感情は現在だけを見、理性は未来と時間の全体を見る点で異なり、現在の多くの想像力で理性は負ける。

 もしも感情それ自身が御しやすくて、理性に従順なものであったら、意志に対する説得と巧言などを用いる必要はたいしてなく、ただの命題と証明だけで十分であろうが、しかし、感情がたえずむほんをおこし扇動する、
「よいほうの道はわかっており、そのほうがよいと思う。

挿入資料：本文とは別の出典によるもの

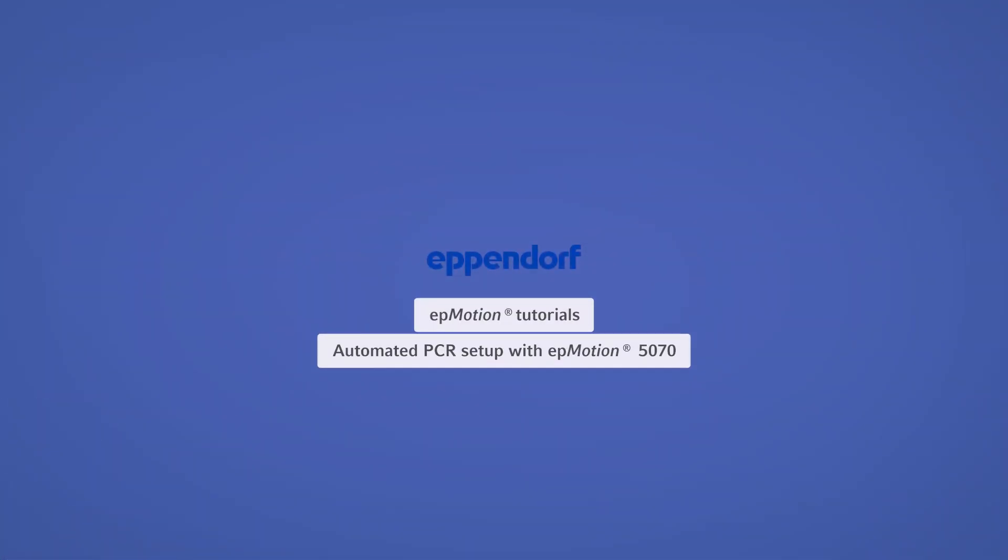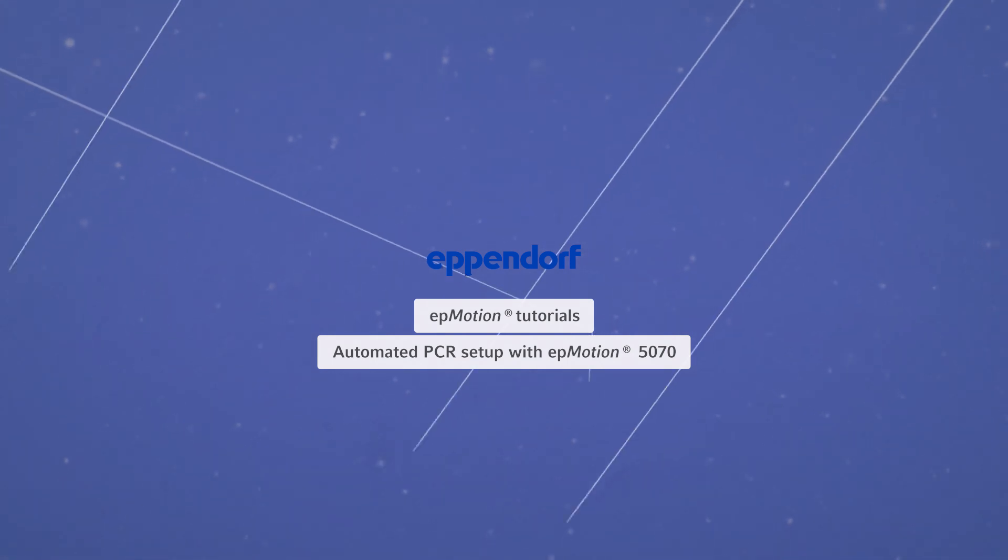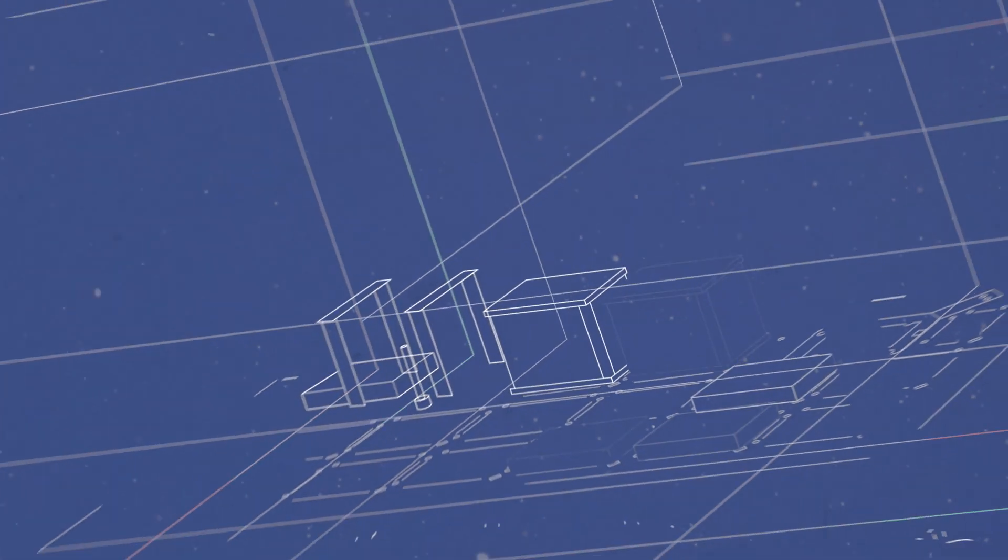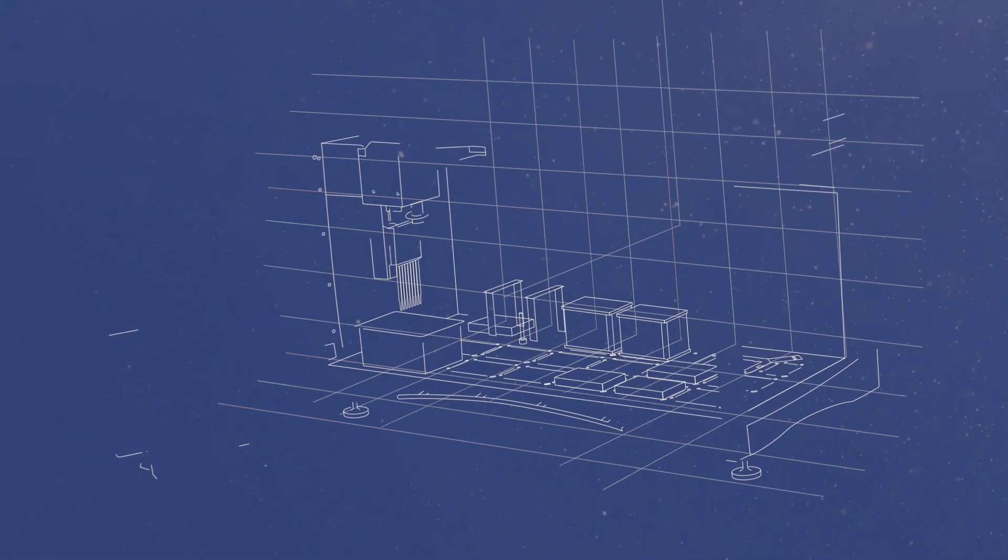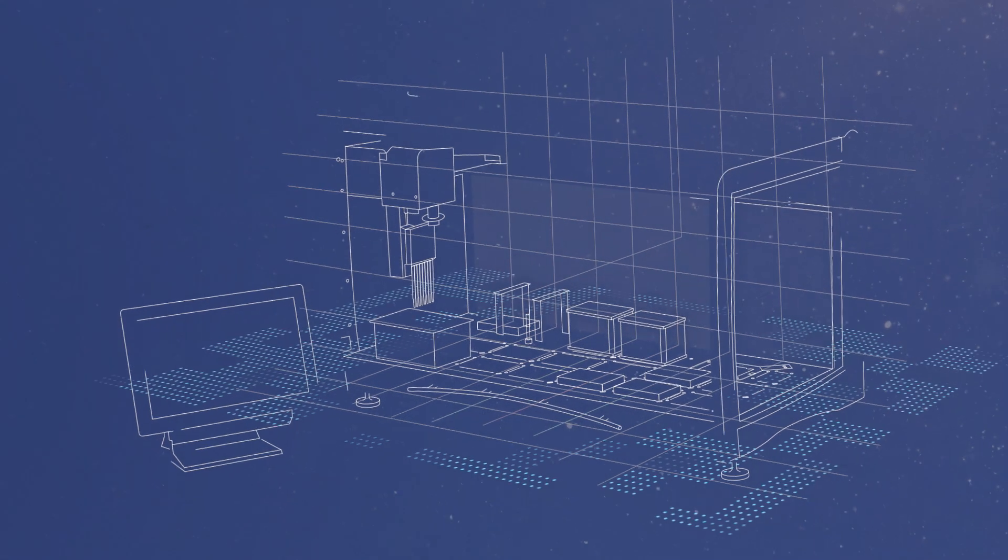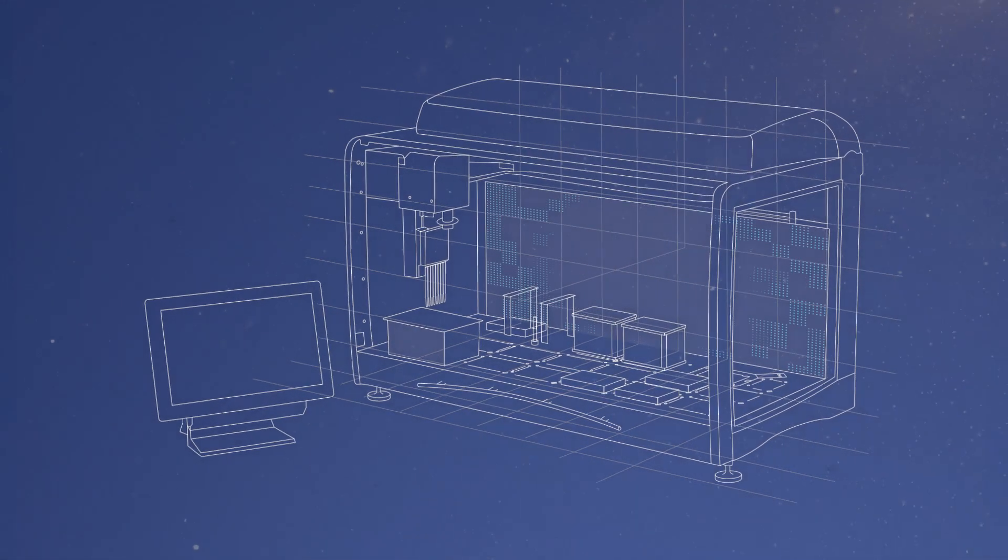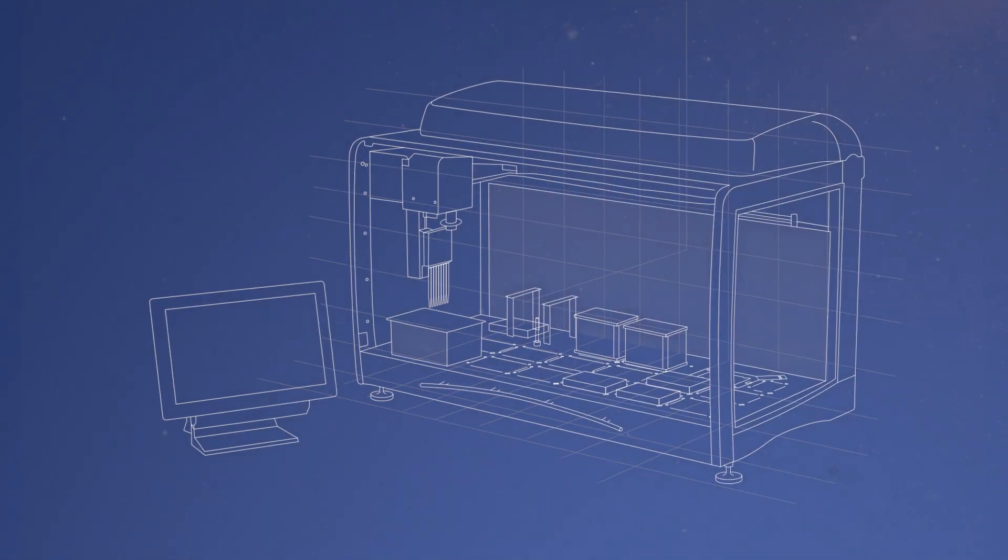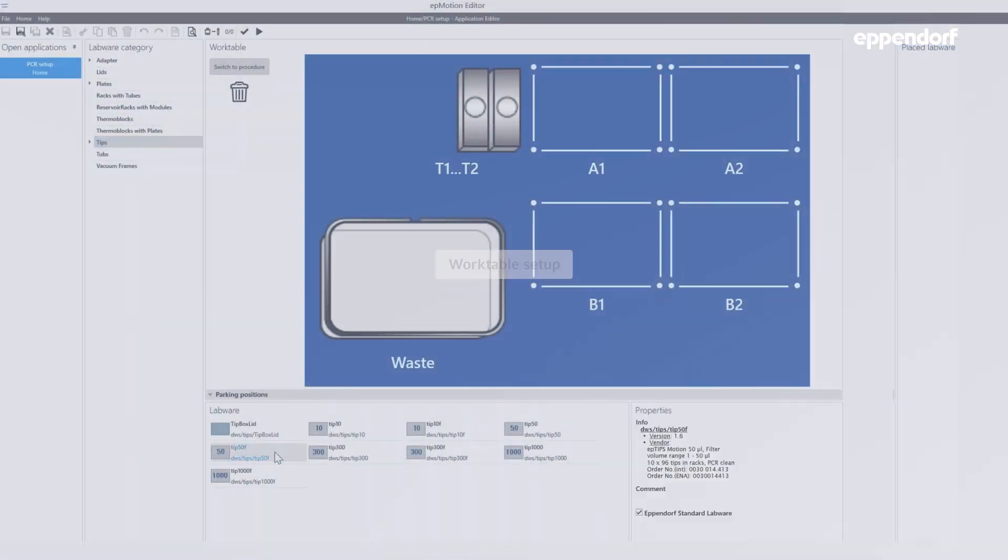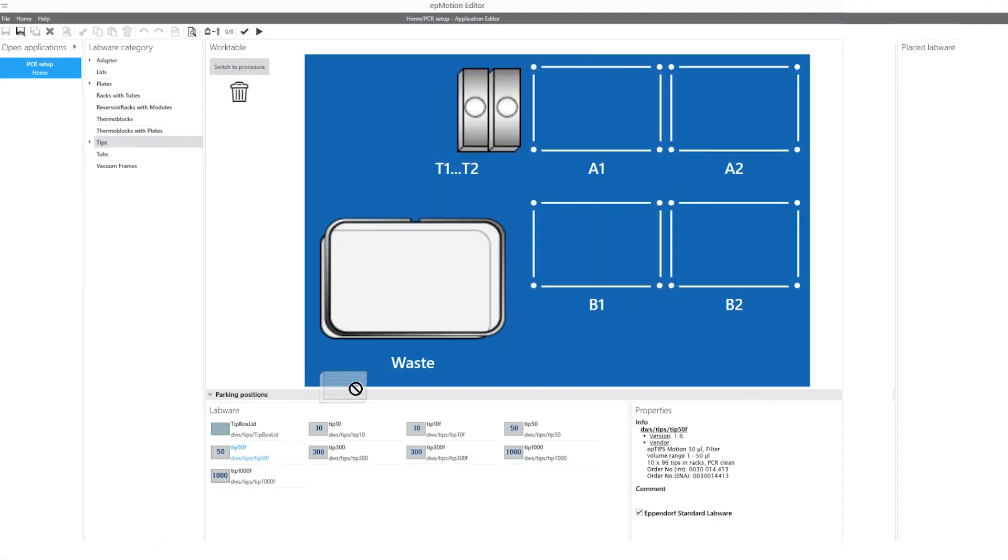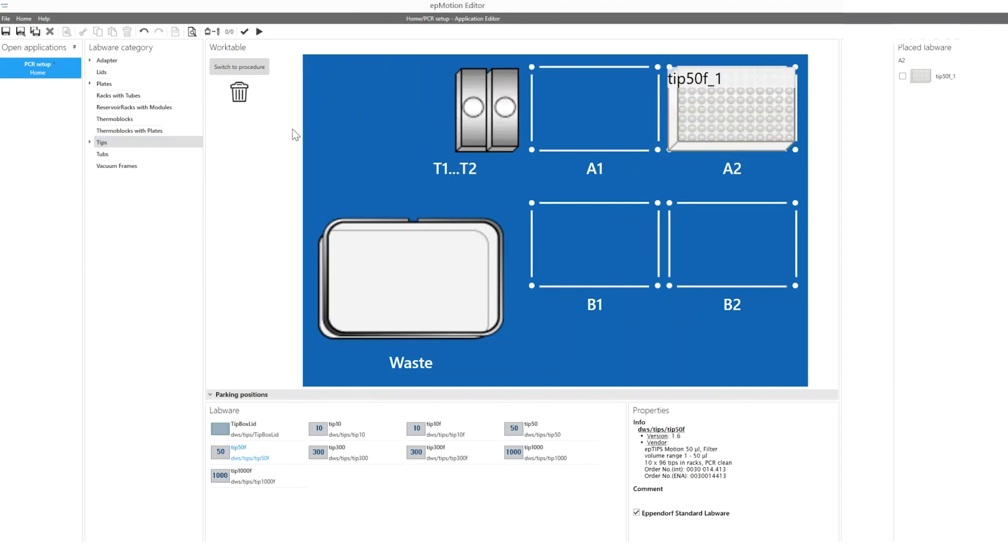Welcome to the EPMotion tutorial automated PCR setup with the EPMotion 5070. The EPMotion 5070 has four deck positions and is the most compact EPMotion for PCR setup.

しかし、わたしはわるいほうの道をたどる」
 のをみると、もし説得の雄弁がうまくやって、想像力を感情の側からこちらの味方に引き入れ、理性と想像力との同盟を結んで、感情と対抗しなければ、理性は捕虜と奴隷になるであろう。というのは、感情そのものにも、理性と同じように、つねに、善への欲求があるが、感情は現在だけを見、理性は未来と時間の全体を見るという点で異なり、そしてそれゆえ、現在のほうがいっそう多くの想像力をみたすので、理性はふつう負かされてしまうからである。しかし、雄弁と説得との力が遠いものを、現在のように見えさせてしまえば、そのときは、想像力の寝返りで、理性が勝つのである。